Clydesdale Bank 40
- Countries: England and Wales
- Administrator: ECB
- Format: 40 overs
- First edition: 2010
- Latest edition: 2013
- Tournament format: Group stage and knockout
- Number of teams: 21
- Current champion: Nottinghamshire Outlaws

= ECB40 =

The ECB40, last known as the Yorkshire Bank 40 (YB40) for sponsorship reasons, was a forty-over limited overs cricket competition for the English first-class counties. It began in the 2010 English cricket season as a replacement for the Pro40 and Friends Provident Trophy competitions. Yorkshire Bank were the last sponsors, taking over the naming rights from their parent company Clydesdale Bank for the 2013 edition. Warwickshire won the inaugural tournament. The competition was replaced by a 50-over tournament, to bring the domestic game in line with the international game from 2014 on—the Royal London One-Day Cup.

==History==

In 2009, in light of the growth of Twenty20 cricket with the Twenty20 Cup, Indian Premier League and ICC World Twenty20, the ECB realised that the Pro40 and Friends Provident Trophy were attracting less interest. Plans began to consolidate the List A competitions into a single 40-over trophy. The competition began in the 2010 English cricket season with Clydesdale Bank, previously sponsor of the Twenty20 Cup, agreeing to a three-year sponsorship. John Perera, ECB commercial director, stated that "We are delighted to welcome Clydesdale Bank as the title sponsor for the 40-over competition particularly as it gives us an opportunity to build on an already strong working relationship. The Clydesdale Bank 40 is an exciting new competition and the format is designed to comfortably fit into the busy family weekend." Ireland and Scotland, were asked to compete, following their entry in the Friends Provident Trophy, but Ireland declined in order to concentrate on their growing international commitments; The Netherlands took their place. A new team, the Unicorns cricket team, was formed of contractless county players to compete, unpaid, alongside the 18 first-class counties, Scotland and the Netherlands.

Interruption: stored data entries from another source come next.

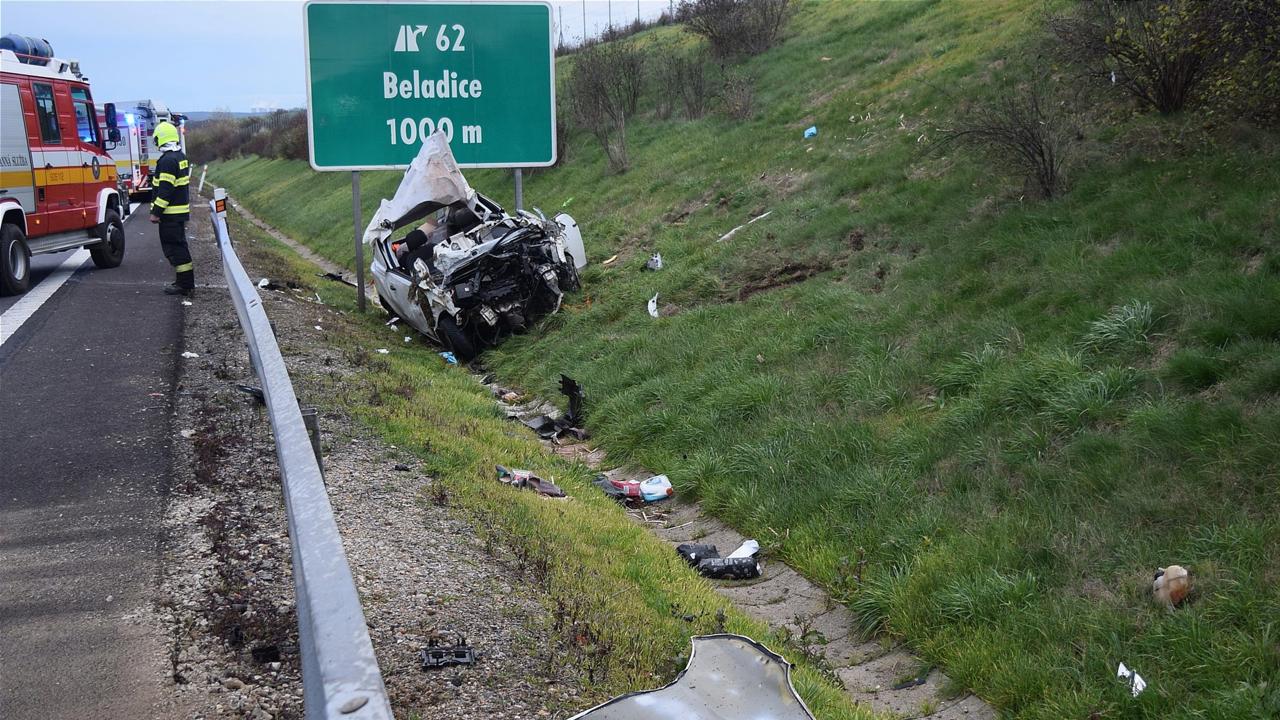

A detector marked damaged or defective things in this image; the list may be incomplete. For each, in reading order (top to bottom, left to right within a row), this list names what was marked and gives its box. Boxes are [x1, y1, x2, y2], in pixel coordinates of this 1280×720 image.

crushed car hood [363, 131, 478, 245]
wrecked car [363, 130, 586, 358]
shattered car body panel [366, 131, 586, 358]
detached bumper piece [419, 632, 476, 666]
detached bumper piece [568, 632, 808, 717]
torn metal sheet [568, 632, 814, 717]
shattered car body panel [568, 632, 814, 717]
crushed car hood [568, 632, 814, 717]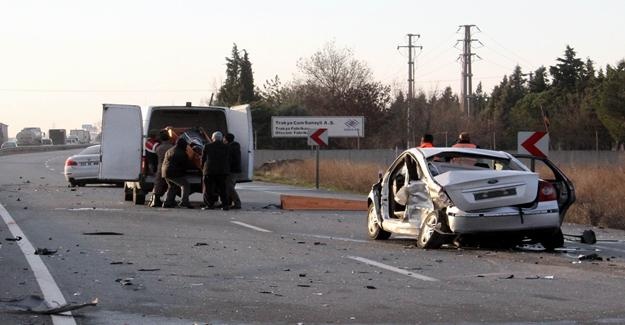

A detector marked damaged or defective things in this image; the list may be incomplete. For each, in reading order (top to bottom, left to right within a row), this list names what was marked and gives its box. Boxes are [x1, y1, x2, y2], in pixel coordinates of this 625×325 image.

wrecked white car [366, 148, 576, 249]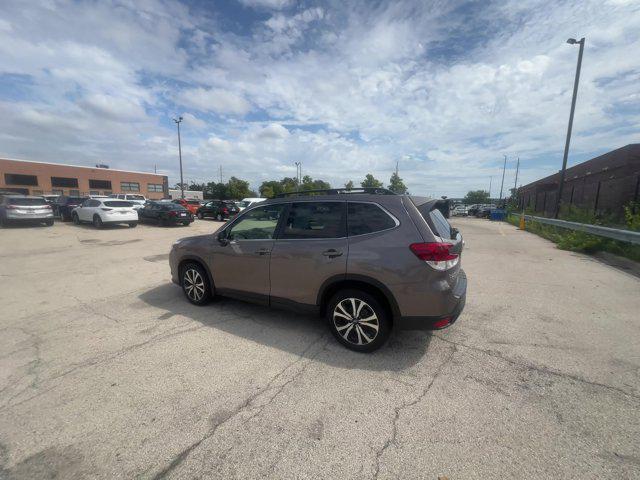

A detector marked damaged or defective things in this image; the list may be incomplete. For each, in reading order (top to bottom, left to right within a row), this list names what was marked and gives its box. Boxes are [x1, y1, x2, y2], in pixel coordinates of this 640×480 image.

cracked asphalt [0, 218, 636, 480]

Warwickshire beat Somerset in the final of the inaugural 2010 tournament. The format for the 2011 competition was kept the same, despite calls for the number of county matches to be reduced; fewer group matches were proposed for the 2012 season, with the addition of a quarter-final knock-out round. Unicorns competed, and held a fresh set of trials over the winter period.

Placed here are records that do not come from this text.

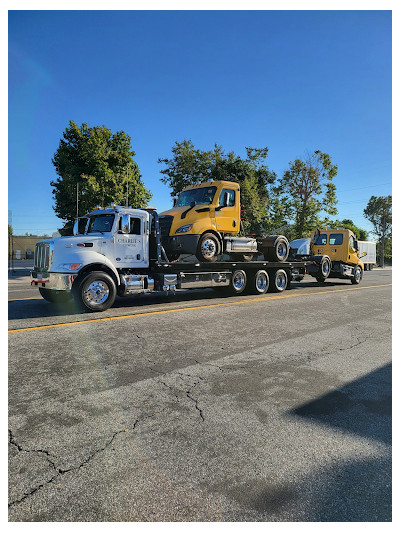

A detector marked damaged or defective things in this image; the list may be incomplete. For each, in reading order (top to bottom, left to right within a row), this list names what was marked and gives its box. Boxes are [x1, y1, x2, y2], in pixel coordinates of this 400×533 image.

cracked pavement [7, 270, 392, 520]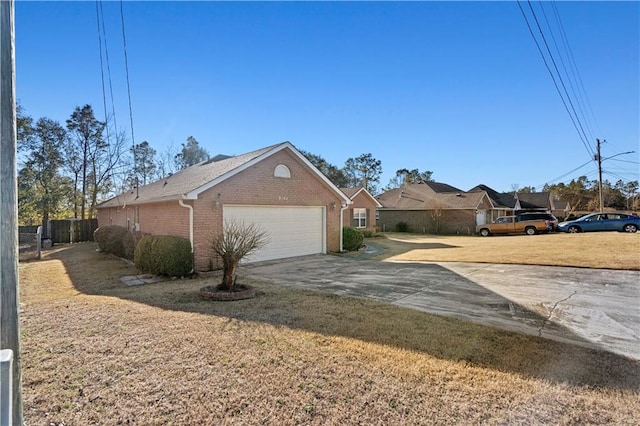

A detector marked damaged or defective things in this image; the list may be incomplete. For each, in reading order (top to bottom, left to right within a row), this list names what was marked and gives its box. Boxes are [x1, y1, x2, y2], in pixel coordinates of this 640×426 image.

driveway crack [536, 292, 576, 338]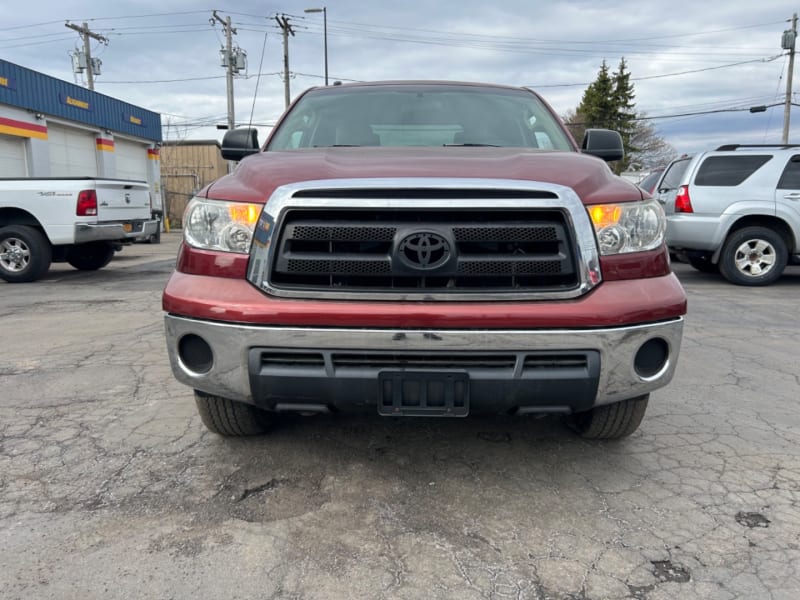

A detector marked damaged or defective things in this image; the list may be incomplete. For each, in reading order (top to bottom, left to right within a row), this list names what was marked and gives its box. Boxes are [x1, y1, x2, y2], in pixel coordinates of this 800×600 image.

cracked asphalt pavement [1, 232, 800, 596]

==Participating teams and format==
The competition contained three groups of seven. A random draw was used to place the teams into groups. The top team of each group, together with the second best team across all three groups, progressed to two semi-finals, the winners of which faced off in the final for the trophy. The participating teams were the 18 first-class counties plus Scotland, Netherlands and Unicorns.

- Derbyshire Falcons
- Durham Dynamos
- Essex Eagles
- Glamorgan
- Gloucestershire Gladiators
- Hampshire Royals
- Kent Spitfires
- Lancashire Lightning
- Leicestershire Foxes
- Middlesex Panthers
- Netherlands
- Northamptonshire Steelbacks
- Nottinghamshire Outlaws
- Scottish Saltires
- Somerset
- Surrey
- Sussex Sharks
- Unicorns
- Warwickshire Bears
- Worcestershire Royals
- Yorkshire Vikings

==Results==

| Year | Final |  |  |  |
| Held at | Winners | Runners-up | Result |
| 2010 Details | Lord's, London, on 18 September 2010 | Warwickshire Bears 200 for 7 (39 overs) | Somerset 199 (39 overs) | Warwickshire won by 3 wickets Scorecard |
| 2011 Details | Lord's, London, on 17 September 2011 | Surrey Lions 189 for 5 (27.3 overs) | Somerset 214 (39.2 overs) | Surrey won by 5 wickets (D/L) Scorecard |
| 2012 Details | Lord's, London, on 15 September 2012 | Hampshire Royals 244 for 5 (40 overs) | Warwickshire Bears 244 for 7 (40 overs) | Hampshire won by losing fewer wickets (scores level) Scorecard |
| 2013 Details | Lord's, London, on 21 September 2013 | Nottinghamshire Outlaws 244 for 8 (40 overs) | Glamorgan Dragons 157 (33 overs) | Nottinghamshire won by 87 runs Scorecard |

==Records==

===Team===
- Most runs in an innings: 399/4, Sussex Sharks v Worcestershire Royals, 14 August 2011.
- Most runs batting second: 337/7, Kent Spitfires v Sussex Sharks, 19 June 2013 (world record in 40-over game).
- Lowest total in an innings: 57, Netherlands v Worcestershire, 8 June 2012.

===Individual===
- Most runs in an innings: 180, Ryan ten Doeschate for Essex Eagles v Scottish Saltires, 2 June 2013.
- Most runs in a tournament: 861, Jacques Rudolph for Yorkshire Carnegie (2010).
- Best bowling figures: 7/29, David Payne for Gloucestershire Gladiators v Essex Eagles, 9 May 2010 (including a hat-trick).
- Most wickets in a tournament: 28, Michael Hogan for Glamorgan (2013).